I presume that the rods are joined rigidly at O, not hinged. So they cannot rotate relative to each other, only as a single rigid body.

The force is applied to one rod, not both, and is distributed between them by internal forces which keep the structure rigid. In your attempt you have assumed that a force $F$ is applied to each rod, so that the total force on the structure is $2F$ instead of $F$.

Also you have assumed that the only forces on each rod are the applied force $F$ and the friction force on that rod. There are also forces and couples between the two rods which keep them aligned. If you analyse the forces on each rod using separate free body diagrams (FBDs) you must include forces which each rod exerts on the other. But it is simpler to model the whole structure as a single rigid body. Then you can ignore internal forces - ie those between the two rods.

There are 3 external forces acting horizontally on the whole structure :

1. applied force $F$ acting to the right at distance $x$ above point O

2. friction force $R_1=\mu mg$ acting to the left at distance $\frac12 L$ above O, and

3. friction force $R_2=4\mu mg = 4R_1$ acting to the left at distance $\frac12 L$ below O.

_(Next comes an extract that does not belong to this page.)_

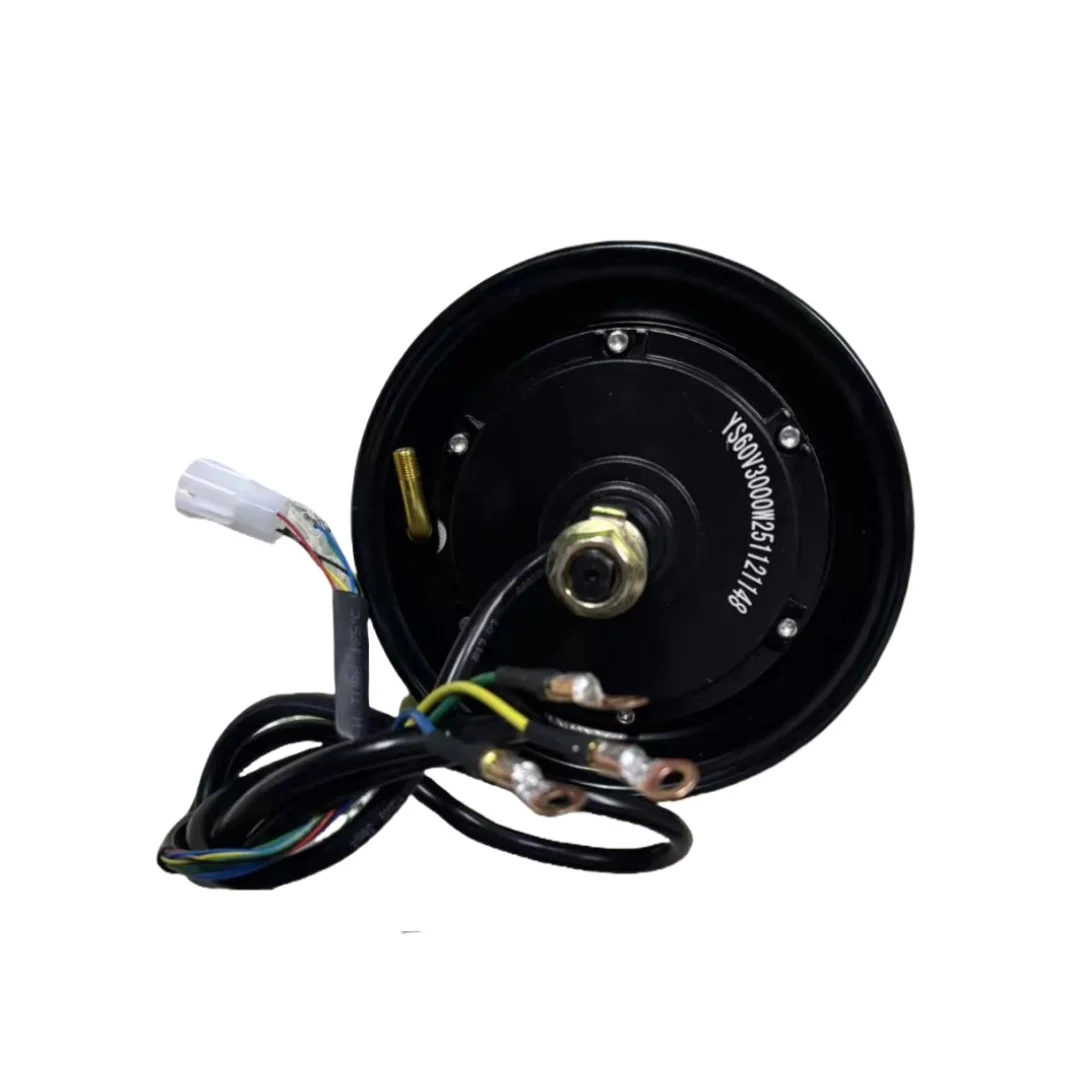 High Speed Electric Scooter Conversion Kit 60v 3000w 72v 4000w 5000w 7500w Fast EScooter Dual Motor Engine for Torsour Geofought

The rods move with constant velocity to the right and they remain perpendicular to the force $F$ - ie they do not turn. This means that the structure is in static equilibrium : in the frame of the COM it does not translate or rotate. So you can apply the two conditions for static equilibrium :

I. the resultant force on the structure is zero

II. the resultant moment of force on the structure about any point is zero.

Applying these conditions, taking moments about O, and substituting $R_2=4R_1$, we have

I. $F=R_1+R_2 = 5R_1$

II. $xF+\frac12 LR_2=\frac12 LR_1, xF=\frac12 LR_1-\frac42LR_1=-\frac32 LR_1$

Solving

$x=-\frac32 \frac{R_1}{F} L=-\frac{3}{10} L$

The force $F$ should be applied at a distance $\frac{3}{10} L$ **below** point O.

**Note:** Since this is a **statics** problem we might wonder why the question did not specify that the rods remain stationary, instead of moving with constant velocity.

When the rods move we can be sure that the friction forces on them are given by $R=\mu mg$. When the rods are stationary the friction forces can take any values up to $R=\mu mg$. The friction forces could be distributed in various ways and still fulfil the equilibrium conditions. See Is there a way to determine the exact value of static friction in this situation?

This means that the composite rod is in static equilibrium : in the frame of the COM it does not translate or rotate. So you can apply the TWO conditions for static equilibrium :

1. the resultant force on the object is zero

2, the resultant moment of force on the object is zero.